(Nov. 30, 2011) On November 29, 2011, the upper house of Nigeria's National Assembly adopted the Same Gender Marriage (Prohibition) Bill, a proposal that aims to criminalize same-sex marriage. (Ademola Adebayo, Senate Outlaws Same Sex Marriage … Offenders to Get up to 14-Year Jail Term, DAILY TRUST (Nov. 29, 2011).) To take effect, the bill will need the concurrence of the 360-member House of Representatives and presidential assent. (Constitution of the Federal Republic of Nigeria, 1999, § 58, International Center for Nigerian Law (ICNL) website.)
The bill puts the penalty for same-sex marriage on a par with the penalties for a homosexual act. A homosexual act is a felony punishable on conviction by 14 years of imprisonment, under the Federal Criminal Code Act. (Criminal Code Act, § 214, 4 LAWS OF THE FEDERATION OF NIGERIA [LFN], Cap. C38 [rev. ed. 2006], available at ICNL website [Note: the online text of the Code is from the 1990 edition of the LFN, but the text of the article is the same].)

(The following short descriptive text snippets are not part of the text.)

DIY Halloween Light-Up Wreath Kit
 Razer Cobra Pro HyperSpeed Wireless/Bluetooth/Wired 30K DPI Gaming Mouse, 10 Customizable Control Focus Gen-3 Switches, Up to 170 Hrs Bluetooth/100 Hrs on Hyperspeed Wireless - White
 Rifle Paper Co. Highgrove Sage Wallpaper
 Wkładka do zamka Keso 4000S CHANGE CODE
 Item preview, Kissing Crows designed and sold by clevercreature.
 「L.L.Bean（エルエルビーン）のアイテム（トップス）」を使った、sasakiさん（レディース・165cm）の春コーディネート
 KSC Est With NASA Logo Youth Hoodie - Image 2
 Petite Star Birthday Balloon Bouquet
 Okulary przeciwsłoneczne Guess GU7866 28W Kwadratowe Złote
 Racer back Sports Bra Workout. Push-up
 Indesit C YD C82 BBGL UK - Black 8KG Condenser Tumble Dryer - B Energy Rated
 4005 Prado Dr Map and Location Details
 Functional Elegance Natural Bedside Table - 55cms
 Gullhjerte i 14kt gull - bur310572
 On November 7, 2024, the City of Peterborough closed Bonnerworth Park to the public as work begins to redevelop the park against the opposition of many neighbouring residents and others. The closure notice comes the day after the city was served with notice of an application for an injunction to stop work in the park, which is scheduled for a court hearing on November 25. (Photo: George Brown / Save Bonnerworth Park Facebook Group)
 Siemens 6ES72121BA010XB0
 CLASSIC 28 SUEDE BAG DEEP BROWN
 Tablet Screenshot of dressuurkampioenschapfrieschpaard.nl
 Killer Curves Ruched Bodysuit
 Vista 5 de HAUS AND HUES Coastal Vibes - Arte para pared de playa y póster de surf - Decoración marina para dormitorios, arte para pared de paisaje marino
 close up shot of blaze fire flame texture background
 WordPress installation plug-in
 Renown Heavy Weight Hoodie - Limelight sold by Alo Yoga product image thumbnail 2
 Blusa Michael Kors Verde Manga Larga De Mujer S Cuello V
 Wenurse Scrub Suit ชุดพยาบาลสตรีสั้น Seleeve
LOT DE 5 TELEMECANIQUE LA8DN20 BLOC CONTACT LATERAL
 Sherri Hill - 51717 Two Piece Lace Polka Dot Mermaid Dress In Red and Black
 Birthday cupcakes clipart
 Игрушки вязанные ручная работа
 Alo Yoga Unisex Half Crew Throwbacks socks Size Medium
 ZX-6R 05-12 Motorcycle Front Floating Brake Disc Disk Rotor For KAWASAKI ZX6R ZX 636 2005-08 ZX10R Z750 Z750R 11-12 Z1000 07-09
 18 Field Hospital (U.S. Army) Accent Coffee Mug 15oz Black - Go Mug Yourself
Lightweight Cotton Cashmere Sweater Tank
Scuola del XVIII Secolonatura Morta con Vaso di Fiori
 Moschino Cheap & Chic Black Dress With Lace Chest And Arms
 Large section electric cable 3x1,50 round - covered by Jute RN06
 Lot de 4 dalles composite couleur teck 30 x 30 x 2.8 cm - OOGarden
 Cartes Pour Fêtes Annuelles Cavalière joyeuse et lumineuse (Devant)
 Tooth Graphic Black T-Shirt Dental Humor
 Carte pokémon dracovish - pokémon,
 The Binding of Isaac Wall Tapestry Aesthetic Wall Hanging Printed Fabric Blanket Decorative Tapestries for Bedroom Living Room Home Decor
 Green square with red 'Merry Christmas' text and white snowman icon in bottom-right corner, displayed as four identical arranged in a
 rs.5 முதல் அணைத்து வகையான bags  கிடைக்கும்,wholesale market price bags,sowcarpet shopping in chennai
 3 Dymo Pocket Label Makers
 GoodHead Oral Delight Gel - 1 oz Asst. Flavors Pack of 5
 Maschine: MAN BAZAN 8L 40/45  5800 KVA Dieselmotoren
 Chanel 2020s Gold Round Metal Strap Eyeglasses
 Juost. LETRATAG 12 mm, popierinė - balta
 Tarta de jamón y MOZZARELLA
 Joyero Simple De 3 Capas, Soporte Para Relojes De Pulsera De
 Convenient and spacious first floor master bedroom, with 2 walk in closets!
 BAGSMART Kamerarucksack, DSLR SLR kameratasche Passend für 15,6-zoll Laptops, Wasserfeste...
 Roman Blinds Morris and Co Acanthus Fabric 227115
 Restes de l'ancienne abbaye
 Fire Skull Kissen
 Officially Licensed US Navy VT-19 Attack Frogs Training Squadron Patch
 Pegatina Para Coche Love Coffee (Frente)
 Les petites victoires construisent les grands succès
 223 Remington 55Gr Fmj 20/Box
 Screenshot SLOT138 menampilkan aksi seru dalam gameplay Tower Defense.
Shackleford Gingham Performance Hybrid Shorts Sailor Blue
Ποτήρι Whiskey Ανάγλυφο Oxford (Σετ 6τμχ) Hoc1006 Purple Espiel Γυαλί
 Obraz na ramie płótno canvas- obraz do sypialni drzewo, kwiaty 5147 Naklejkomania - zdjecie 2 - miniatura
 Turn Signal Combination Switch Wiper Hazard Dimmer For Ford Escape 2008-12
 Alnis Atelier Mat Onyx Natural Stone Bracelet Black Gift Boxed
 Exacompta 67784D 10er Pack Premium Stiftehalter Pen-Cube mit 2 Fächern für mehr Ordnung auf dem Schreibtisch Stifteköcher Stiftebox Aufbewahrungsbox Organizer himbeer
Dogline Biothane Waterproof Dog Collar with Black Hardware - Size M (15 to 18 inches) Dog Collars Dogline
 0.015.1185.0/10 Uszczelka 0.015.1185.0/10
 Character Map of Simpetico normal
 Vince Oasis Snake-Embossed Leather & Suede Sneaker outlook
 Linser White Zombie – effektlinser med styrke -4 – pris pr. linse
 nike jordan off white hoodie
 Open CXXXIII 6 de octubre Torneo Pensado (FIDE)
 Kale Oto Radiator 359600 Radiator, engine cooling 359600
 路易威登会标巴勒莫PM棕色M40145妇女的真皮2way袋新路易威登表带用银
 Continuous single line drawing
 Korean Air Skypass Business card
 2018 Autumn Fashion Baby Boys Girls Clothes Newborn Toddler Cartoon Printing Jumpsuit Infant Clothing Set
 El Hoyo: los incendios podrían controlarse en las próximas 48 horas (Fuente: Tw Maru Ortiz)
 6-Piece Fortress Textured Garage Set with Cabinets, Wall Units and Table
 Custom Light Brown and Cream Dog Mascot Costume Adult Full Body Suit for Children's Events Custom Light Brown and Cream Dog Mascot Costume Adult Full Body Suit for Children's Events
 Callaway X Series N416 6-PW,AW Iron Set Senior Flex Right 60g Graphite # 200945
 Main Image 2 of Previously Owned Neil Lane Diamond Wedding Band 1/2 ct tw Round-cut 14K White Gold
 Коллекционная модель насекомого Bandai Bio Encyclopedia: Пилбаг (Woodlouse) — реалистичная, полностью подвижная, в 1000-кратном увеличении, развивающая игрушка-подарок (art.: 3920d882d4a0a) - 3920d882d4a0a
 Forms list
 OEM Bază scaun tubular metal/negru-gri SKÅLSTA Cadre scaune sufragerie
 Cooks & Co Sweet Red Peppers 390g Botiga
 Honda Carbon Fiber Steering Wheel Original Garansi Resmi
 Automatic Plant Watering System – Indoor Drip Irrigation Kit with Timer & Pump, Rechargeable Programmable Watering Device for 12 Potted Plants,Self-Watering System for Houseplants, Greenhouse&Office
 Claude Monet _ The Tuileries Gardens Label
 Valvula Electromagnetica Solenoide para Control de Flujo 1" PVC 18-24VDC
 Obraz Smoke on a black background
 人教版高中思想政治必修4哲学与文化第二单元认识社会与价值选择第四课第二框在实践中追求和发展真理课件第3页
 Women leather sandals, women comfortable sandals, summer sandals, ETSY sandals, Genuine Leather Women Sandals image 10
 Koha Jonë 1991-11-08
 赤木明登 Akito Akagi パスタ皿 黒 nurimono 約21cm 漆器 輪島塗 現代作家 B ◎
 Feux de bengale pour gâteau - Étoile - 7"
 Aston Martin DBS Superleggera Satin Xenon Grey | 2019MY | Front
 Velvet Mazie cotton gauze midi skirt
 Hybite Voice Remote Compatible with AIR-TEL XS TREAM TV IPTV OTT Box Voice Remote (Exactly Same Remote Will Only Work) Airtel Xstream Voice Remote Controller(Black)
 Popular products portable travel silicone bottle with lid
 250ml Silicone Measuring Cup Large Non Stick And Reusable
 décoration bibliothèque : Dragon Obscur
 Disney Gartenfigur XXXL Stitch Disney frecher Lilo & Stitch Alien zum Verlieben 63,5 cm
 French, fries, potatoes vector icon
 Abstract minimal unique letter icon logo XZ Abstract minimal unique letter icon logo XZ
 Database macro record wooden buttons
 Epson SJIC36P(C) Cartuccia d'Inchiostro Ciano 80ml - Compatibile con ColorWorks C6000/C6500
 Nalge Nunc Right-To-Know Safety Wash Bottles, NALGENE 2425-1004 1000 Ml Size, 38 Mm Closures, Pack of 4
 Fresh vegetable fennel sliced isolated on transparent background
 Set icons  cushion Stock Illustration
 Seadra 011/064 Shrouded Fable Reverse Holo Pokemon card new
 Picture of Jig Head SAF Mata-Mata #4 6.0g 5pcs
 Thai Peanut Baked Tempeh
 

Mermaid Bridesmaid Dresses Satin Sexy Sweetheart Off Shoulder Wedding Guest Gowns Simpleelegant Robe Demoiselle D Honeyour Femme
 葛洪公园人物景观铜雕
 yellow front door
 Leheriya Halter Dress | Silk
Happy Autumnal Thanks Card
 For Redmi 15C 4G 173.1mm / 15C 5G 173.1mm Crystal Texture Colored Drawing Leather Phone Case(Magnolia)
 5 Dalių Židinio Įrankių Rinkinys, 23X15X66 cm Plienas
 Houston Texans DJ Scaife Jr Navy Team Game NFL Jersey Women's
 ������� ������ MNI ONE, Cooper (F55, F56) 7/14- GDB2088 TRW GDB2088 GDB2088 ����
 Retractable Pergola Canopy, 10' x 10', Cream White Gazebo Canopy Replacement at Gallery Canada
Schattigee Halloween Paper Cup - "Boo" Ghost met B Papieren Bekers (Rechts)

The initial draft of the Same Gender Marriage (Prohibition) Bill sought to impose relatively lower sentences for violations of its provisions; persons who entered into same-sex marriages were subject, under its provisions, to a penalty of three years in prison, and accessories to the crime were subject to five years in prison and/or a fine. (Hanibal Goitom, Nigeria: Senate Considering Legislation to Criminalize Same-Sex Marriage, GLOBAL LEGAL MONITOR (Oct. 4, 2011).) However, the version that the Senate ended up adopting appears to have dramatically increased the penalty for same-sex marriage to 14 years in prison for the parties to the marriage and 10 years in prison for accessories. (Adebayo, supra.)
During a public hearing on the bill leading up to its adoption, David Mark, president of the Nigerian Senate, had this to say about same-sex marriage:
[M]y faith as [a] Christian abhors it. It is incomprehensible to contemplate on [sic] same sex marriage. I cannot understand it. I cannot be a party to it. There are enough men and women to marry each other. The whole idea is the importation of foreign culture but this one would be a freedom too many. We cannot allow our tradition and value system [to be] eroded (id.).
The Same Gender Marriage (Prohibition) Bill is not a new proposal. It has been sent to the floor of the National Assembly twice before; it was initially proposed in 2006, but the measure failed when the term of the National Assembly ended in April 2007, and again in 2007, when it again expired with the end of the term of the National Assembly in April 2011. (Goitom, supra.) If the current bill does not secure the House of Representatives' approval and a presidential assent before April 2015, when the term of the current National Assembly expires, it will fail for the third time. (Id.)